◆ Recorded data
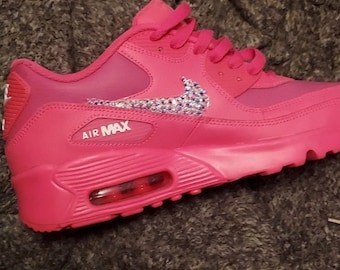 Custom Hot Pink Bling Nike air max taglia 6.5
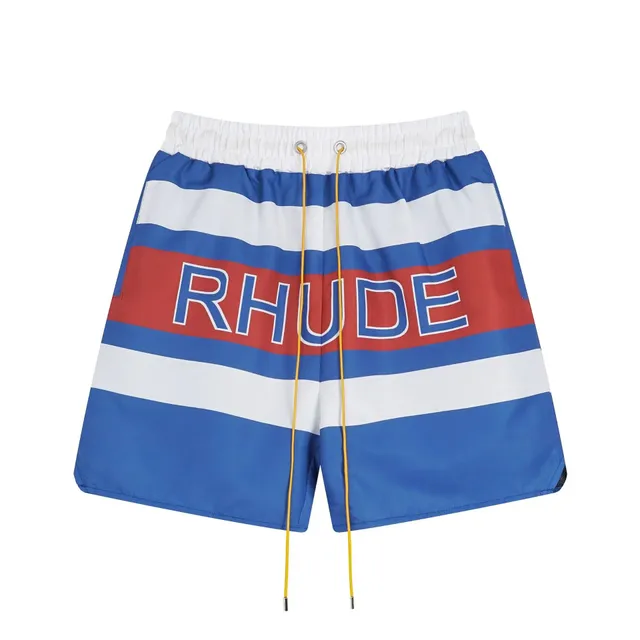Rhude Logo Stripe Shorts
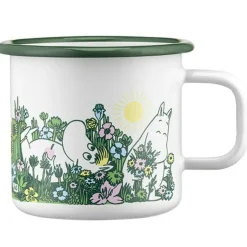Moomin In the garden Enamel Mug 37 cl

◆ Problem description
Return the material above exactly; the images stay out.

◆ Solution below
 Custom Hot Pink Bling Nike air max taglia 6.5
Rhude Logo Stripe Shorts
Moomin In the garden Enamel Mug 37 cl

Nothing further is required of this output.